Even with such plans in place, market gyrations can "whipsaw" traders out of positions where buy and hold investors will capture the full extent of upward or downward price movement. Thus trend following strategies take considerably more time, effort, and skill, while also opening up the trader to the following downside risks unique to blockchain.

Exchange Risk

While some smaller decentralized exchanges exist, their lack of liquidity prevents them from being an attractive place to trade. Thus for the time being centralized exchanges offer the best place to actively trade. 

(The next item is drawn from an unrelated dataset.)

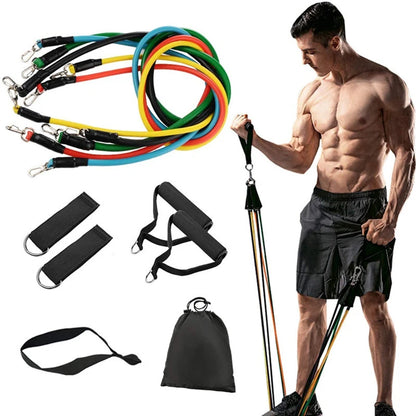 Fitness Elastic Resistance Bands Kit (100 or 150 Lbs)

As evidenced with the BTC-e collapse and the continued pressure the Chinese government places on centralized exchanges, the most prudent course of action is to leave funds on exchanges for the least amount of time possible. However this incurs the additional cost in time and fees to not only place trades, but also place withdrawal orders back to personal wallets. 

Hedging Risk

When trend following, market data can signal to be out of blockchain tokens entirely and into fiat currency. The primary way traders hedge into fiat is with product called USDT. This is a blockchain token tied to the value of one US dollar. No major liquidity events have yet happened to test the USDT ability to pay users in US dollars, nor are the tax implications clear. 

Theft and Loss Risk

These risks cannot be over enough. Each time a transaction takes place there is the potential for the private keys and passwords to be captured by an adversary, or more commonly typing an erroneous sending address that will irreversibly send your funds to a non recoverable address.

Best practices can largely prevent these issues, but no transfer should ever be taken lightly. 

Interest Payments

Ending on a positive note, the mechanisms we look for in solid investment candidates also create additional returns through interest payments. These payments are generally only received in personal wallets, and not on exchanges.

True accretive returns can be tricky to calculate. While the additional number of tokens you own increases as payments are received, depending on your percent ownership in the network, and how many other accounts are also claiming interest payments, the dilution in the total tokens in supply can offset any interest payment gains. 

As an example NEM has only 9 billion tokens that will ever be created, thus each interest payment received from helping to validate transaction is 100% accretive. Eg your ownership share in the network increases. 

Conversely, in projects such as Ark, interest payments are shared by over 60% of the network thus the total supply grows roughly at pace with additional tokens received. This is further complicated as each project has a unique emissions schedule. For instance Ark reduces interest rate each year to encourage early adoption.

Final thoughts

The satisfaction of a well executed trade, and additional alpha from deploying a consistently winning strategy can make active trading worth the potential downside risks. 

Our fund has shifted into lower velocity investment strategies aligned more closely with the Berkshire Hathaway philosophy. Like Berkshire, we sit on a fairly large cash reserve as a percentage of investable assets. We then perform deep analysis to identify strong projects at attractive valuations, and view ourselves as long term owners of the project.

Knowing the potential downside risks mentioned above can help investors to make more informed decisions when choosing the trading strategies that work best with their level of risk tolerance.